Saturday 29 June
Though staid on the outside, the Bilbao Museum of Fine Arts
delivered where the Guggenheim didn’t. All subjective, I know.
The Museum had asked an author, Kirmen Uribe, to curate an exhibition of thirty-one rooms, one for each letter of the alphabet, including five Basque. He assigned each letter a theme, Art, Bilbao, Citizen and so on, then picked pieces – paintings, sculpture, film – to reflect the theme. From prehistory to contemporary art, it worked a treat.
‘Life’ contained this cheeky piece,
by Jaques Lipchitz, overseen,
by this Francis Bacon.
You get the idea.

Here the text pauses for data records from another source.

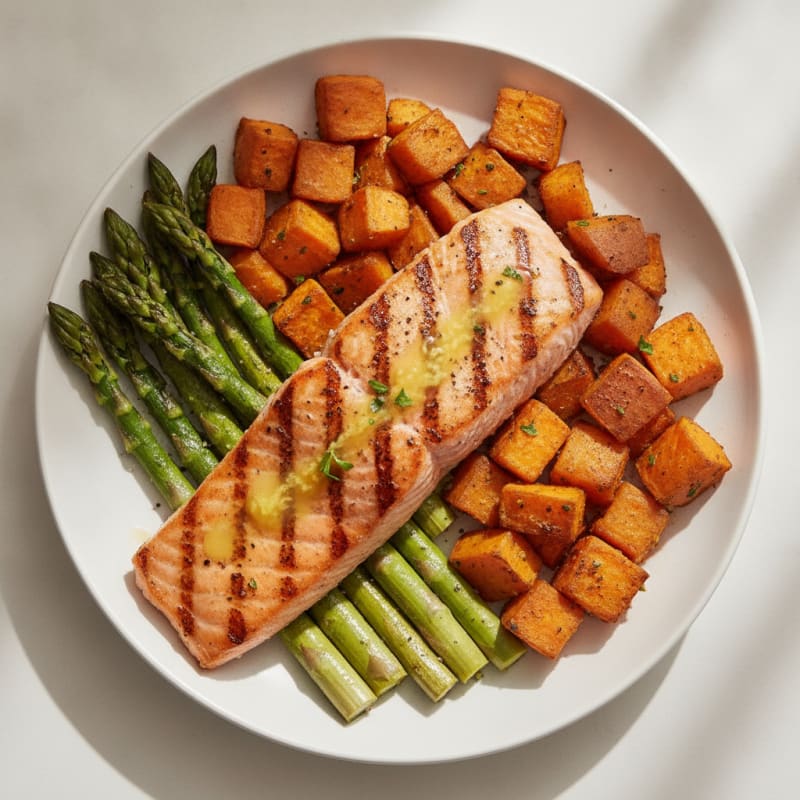 Seared Salmon with Roasted Sweet Potato and Asparagus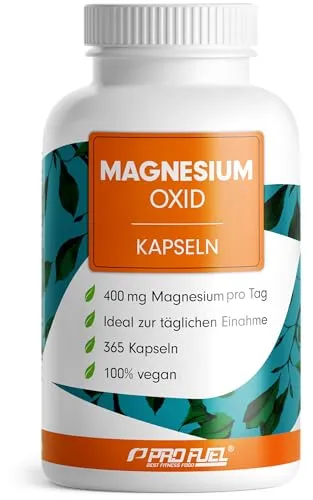 Magnesium Kapseln 365x (1 Jahr) von ProFuel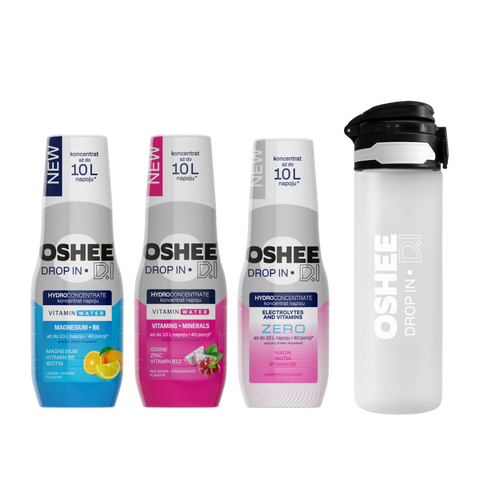 Hydration Starter Pack - MIX 3 + Półprzeźroczysta butelka 650 ml z wytrzymałego tritanu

There were other exhibitions of two Spanish artists which I enjoyed, plus guest pieces hanging around,
these by Juan Muñoz,
and this ‘Suicide’ by Andrés Nagel.
After the gallery, I headed for the old town,
its narrow streets quiet in places but busier elsewhere.
I ate lunch across the Ria, the Bilbao Estuary, from the Guggenheim,
photogenic as it is.
Bilbao lies in a steep sided valley and, for this, is known as el botxo, the hole. Crossing the Ria are many bridges, both road and pedestrian, and as roads reach for the areas up the hills, they cross roads following the estuary, and are in turn crossed by bridges, spiralling walkways, or have the tram subway or pedestrian underpasses running underneath. I’ve never seen a city so difficult to negotiate on so many levels, often operating as one way streets. It has made exploring ‘interesting’.
Bilbao is messy, but its layered history, parks, waterside walks and prominent culture reward the effort.